The records beneath should be printed exactly, and the pictures are to be left out.

BEGIN

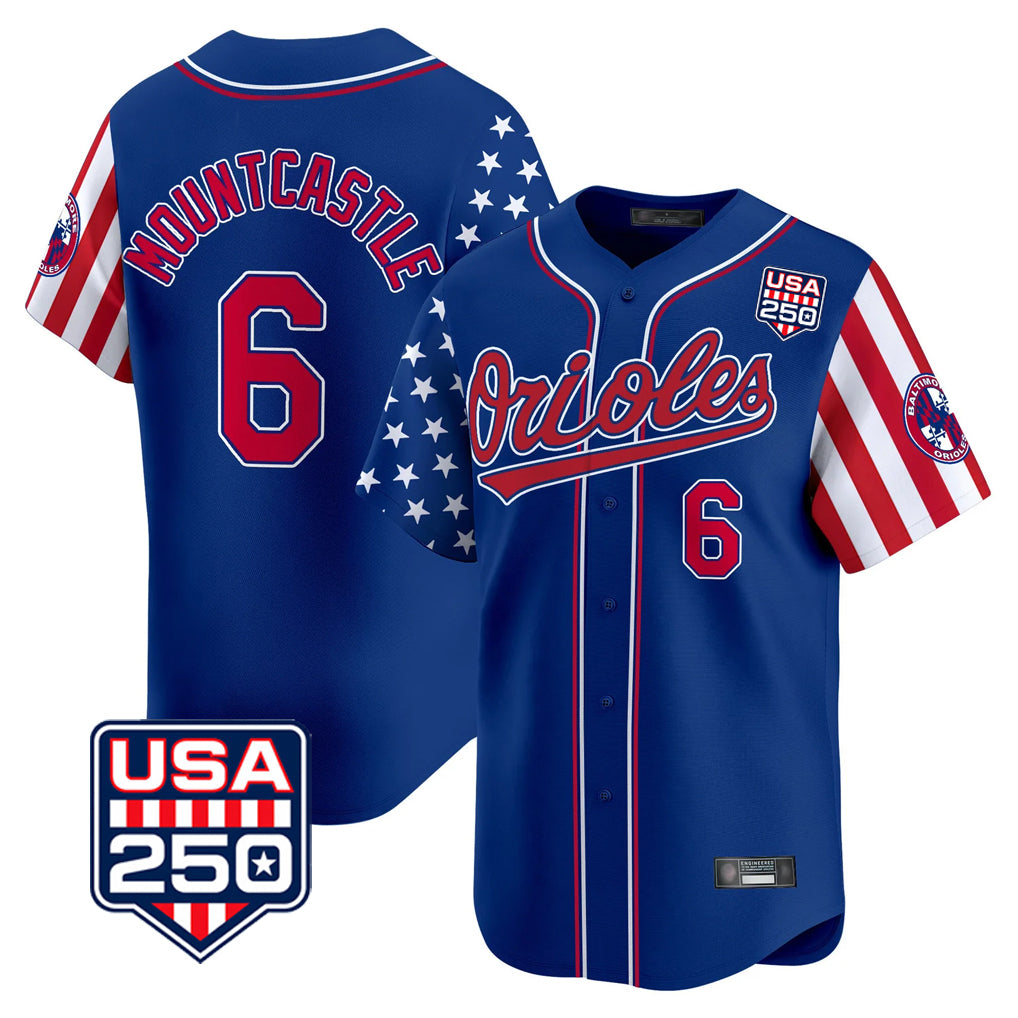 tocy B.Orioles #6 Ryan Mountcastle Player Royal USA 250 Independence Day Vapor Premier Limited Home Game Stitched Jerseys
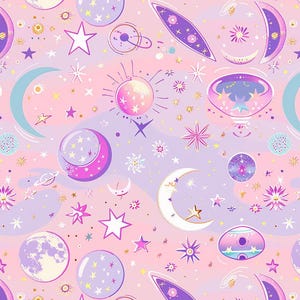 Könnte beinhalten: Ein sich wiederholendes Muster mit Himmelskörpern wie Monden, Sternen und Planeten in Rosa, Lila und Gold. Das Design umfasst verschiedene Sternformen und Halbmonde und erzeugt eine verträumte, Weltraum-Thematik.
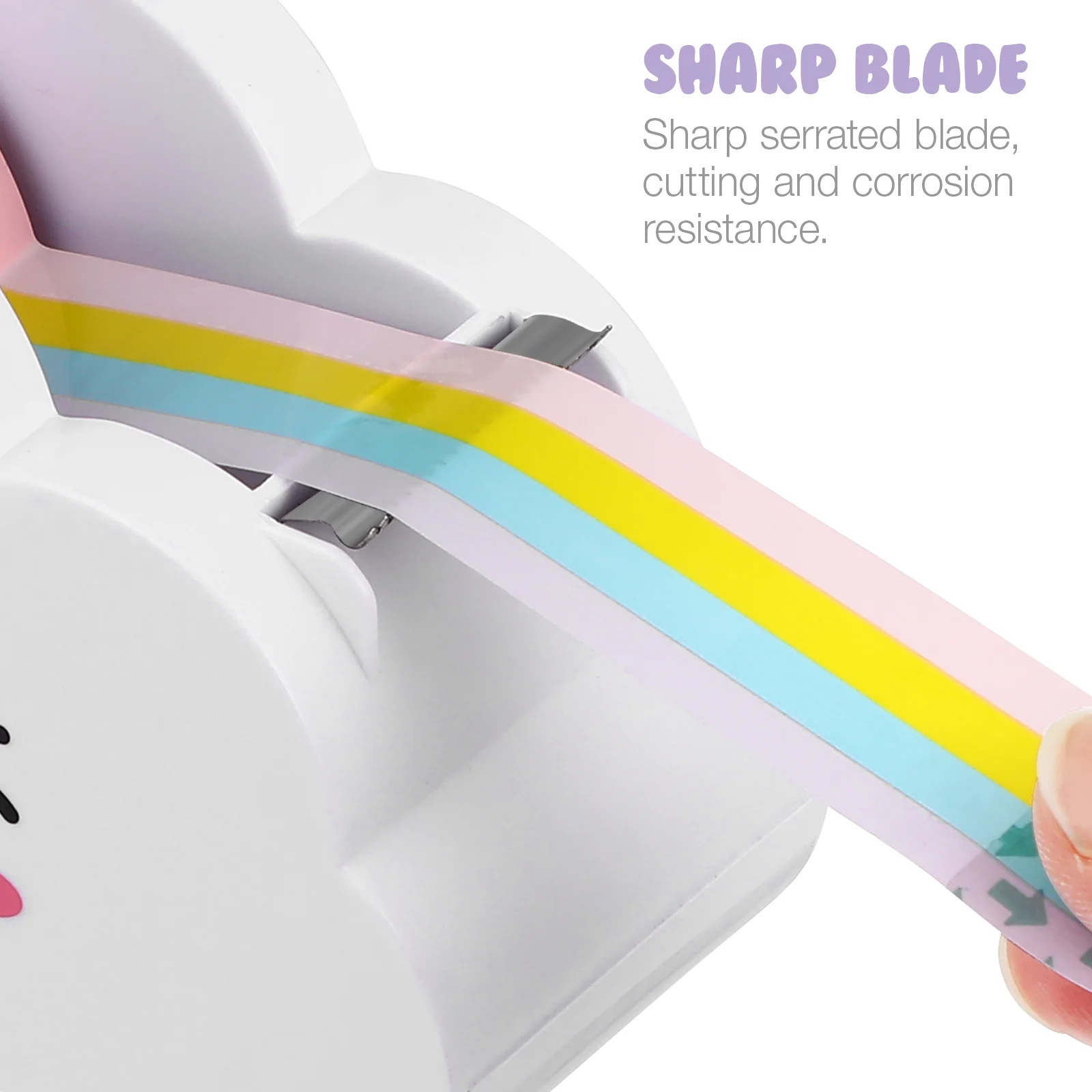 Portable Creative Practical Stationery Supply Lovely Desk Tape Dispenser with Rainbow Tape Rainbow Tape with Tape Dispenser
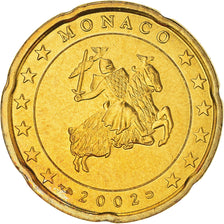 Monaco, 20 Euro Cent, 2002, Paris, MS(64), Brass, KM:171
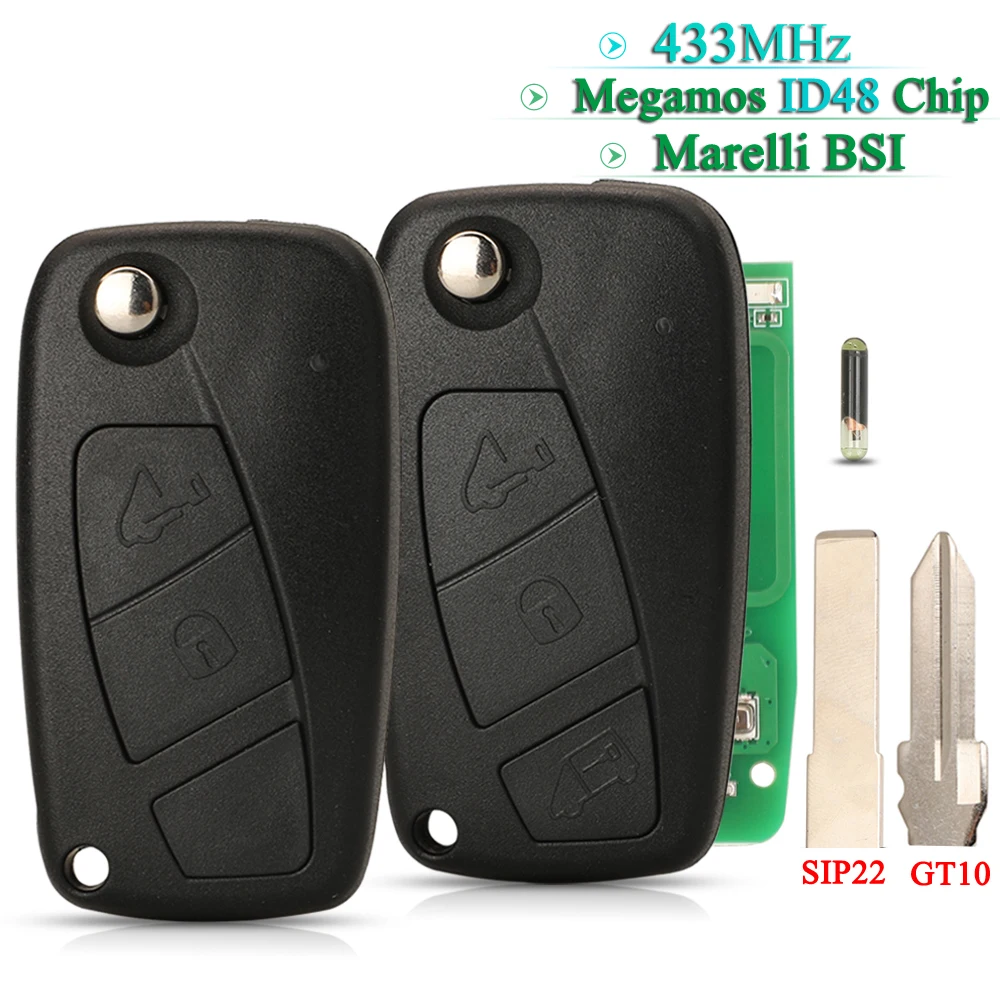 jingyuqin 434MHz For Iveco Daily 2006-2011 Megamos Crypto ID48 Remote Tunk Car Key Control With Decoration Sticke Fob SIP22 GT10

END

Output of the exercise ->
 tocy B.Orioles #6 Ryan Mountcastle Player Royal USA 250 Independence Day Vapor Premier Limited Home Game Stitched Jerseys
 Könnte beinhalten: Ein sich wiederholendes Muster mit Himmelskörpern wie Monden, Sternen und Planeten in Rosa, Lila und Gold. Das Design umfasst verschiedene Sternformen und Halbmonde und erzeugt eine verträumte, Weltraum-Thematik.
 Portable Creative Practical Stationery Supply Lovely Desk Tape Dispenser with Rainbow Tape Rainbow Tape with Tape Dispenser
 Monaco, 20 Euro Cent, 2002, Paris, MS(64), Brass, KM:171
 jingyuqin 434MHz For Iveco Daily 2006-2011 Megamos Crypto ID48 Remote Tunk Car Key Control With Decoration Sticke Fob SIP22 GT10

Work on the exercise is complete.